En réponse à une interpellation de la députée Florence Gross, le Conseil d’Etat rappelle qu’un audit du Contrôle cantonal des finances, une enquête administrative et une enquête pénale sont actuellement en cours sur le sujet. Il ne peut donc répondre qu’en partie aux questions de l’interpellatrice sans pouvoir s’exprimer, à ce stade, sur l’entier de ses interrogations. Il apporte néanmoins les précisions demandées quant au système de contrôle interne, la composition et la nomination des membres du Conseil d’administration ou encore l’évolution du nombre d’EPT ou du nombre de mètres carrés par employé.
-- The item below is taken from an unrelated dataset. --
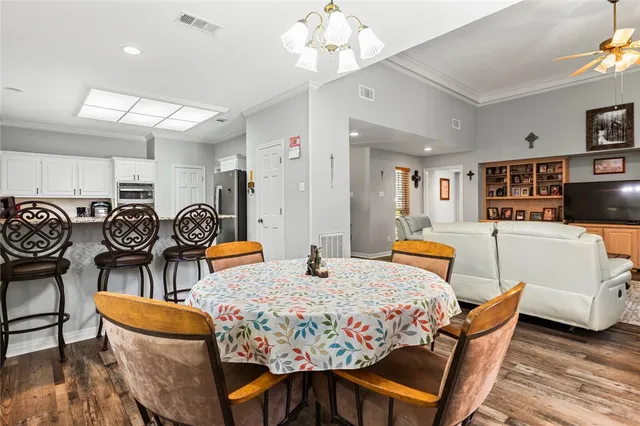 $539,900 | 711 South Harrison Street, West, TX 76691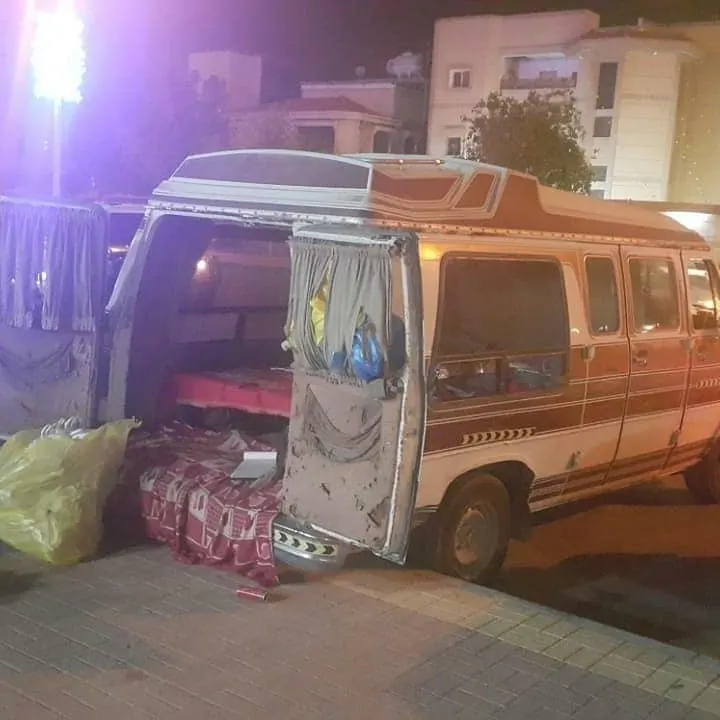 البلدية تحجز سيارة تبيع الملابس في كورنيش القطيف.. صور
Pour ce qui est des comparaisons intercantonales, non sans avoir expliqué les limites fortes posées à tout exercice de ce type en raison de la diversité des tâches confiées aux caisses cantonales de compensation AVS, le Conseil d’Etat apporte un certain nombre de données chiffrées qui permettent de conclure que les standards de la CCVD sont dans la norme.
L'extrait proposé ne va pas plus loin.